Respondent, Phillip E. Shapiro, was admitted to the practice of law in the State of New York by the First Judicial Department on December 22, 1964.

By order of this Court entered April 14, 1994, respondent was suspended from the practice of law pursuant to 22 NYCRR 603.4 (e) (1) (i), pending determination of disciplinary proceedings and until further order of this Court, as a result of respondent’s willful failure to cooperate with the Committee in its investigation into allegations of professional misconduct by respondent. The Committee charged respondent with unethical practices and professional misconduct based on his failure to answer 12 complaints of misconduct, failure to establish or maintain contact with numerous clients and failure to file an affidavit of compliance with his order of suspension as required by the Rules of this Court.

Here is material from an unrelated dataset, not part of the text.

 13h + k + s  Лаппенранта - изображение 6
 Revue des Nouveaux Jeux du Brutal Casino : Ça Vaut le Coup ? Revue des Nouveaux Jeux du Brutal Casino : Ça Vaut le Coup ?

The charges arose from respondent’s conduct as the sole attorney, shareholder, and officer of the law professional corporation Friedman & Shapiro, P. C. (F&S). Charge One alleged that respondent failed to respond to 12 separate complaints from clients forwarded to him by the Committee between April 27, 1993 and December 9, 1993. All the complainants noted that respondent had ceased communicating with them. Respondent’s conduct was asserted to be prejudicial to the administration of justice in violation of Code of Professional Responsibility DR 1-102 (A) (5) (22 NYCRR 1200.3).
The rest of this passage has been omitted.